Han Ji-young, Researcher, Kiwoom Securities

The Korean stock market is expected to continue a phase of increased volatility, influenced by the early-week pressure from the May U.S. consumer price surge, key economic indicators such as U.S. and Chinese retail sales and industrial production during the week, and the June FOMC event. (Weekly KOSPI expected range: 2500?2650).


As confirmed by the U.S. stock market plunge, the surprise in May's consumer prices has amplified inflation concerns. Although the surge was mainly driven by soaring energy prices, including fuel costs (106.7%) and energy (34.6%), the problem is that other items such as clothing (5.0%), new cars (12.6%), used cars (16.1%), and housing costs (5.4%) are also rising simultaneously. Following April's data, inflation is spreading broadly across the U.S. economy, indicating it will be difficult for the central bank to bring it under control soon.

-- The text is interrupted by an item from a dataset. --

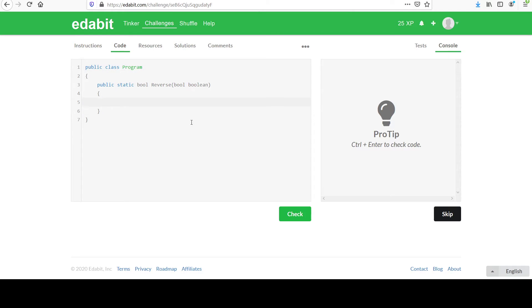So here's your chance to pause if you want to have a go at it. Otherwise, pretty straightforward, return Boolean should do it.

China's producer prices (6.4%) fell due to lockdown impacts but the possibility of renewed inflationary pressure within China remains open due to expected demand recovery. Therefore, doubts about whether inflation has peaked may resurface before meaningful inflation level-down is achieved.

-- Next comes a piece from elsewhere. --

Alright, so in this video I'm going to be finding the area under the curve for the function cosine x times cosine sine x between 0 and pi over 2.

However, the May core CPI excluding energy and food (6.0%) declined from the previous month (6.2%), and President Biden's statement on the 10th about strengthening inflation measures such as reducing transportation costs and expanding crude oil drilling should be considered. Given this, the outlook for an inflation peak remains valid, and betting on further inflation spikes at this point is discouraged.

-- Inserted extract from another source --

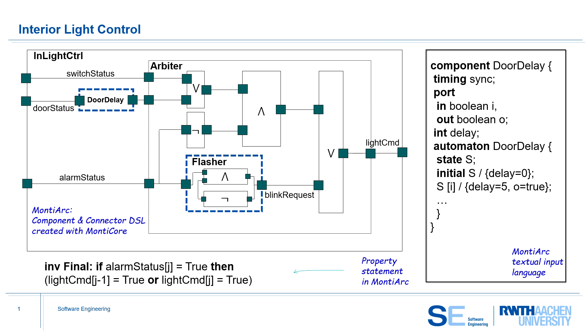The interior light control manages the cabin light of a vehicle based on three inputs: the manual light switch, the status of the door, and the state of the alarm.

Meanwhile, after the May inflation announcement, the June FOMC (to be announced early morning on the 15th Korean time), where a 50bp rate hike was considered likely, is now also discussing the possibility of a 75bp hike. Although a 75bp hike has not yet become the dominant consensus, considering the Fed officials have entered a blackout period prohibiting public comments, market participants are expected to debate the 'giant step' or 'big step' until the June FOMC, increasing stock market volatility.


The key points to watch at the June FOMC will be not only whether a 50bp hike occurs but also changes in economic and inflation forecasts, and future rate projections on the dot plot. Furthermore, as the European Central Bank (ECB) recently did (even if it only raises rates by 50bp in June), whether forward guidance or Fed Chair Jerome Powell's press conference leaves open the possibility of more aggressive hikes like 75bp to curb inflation will determine the stock market direction after the June FOMC.


With the KOSPI falling below 2600 and threatening new yearly lows, temporary sell-offs may occur during the week due to caution around the June FOMC. However, considering the market valuation attractiveness and favorable earnings outlook, it is judged appropriate to respond with a wait-and-see approach rather than joining the sell-off.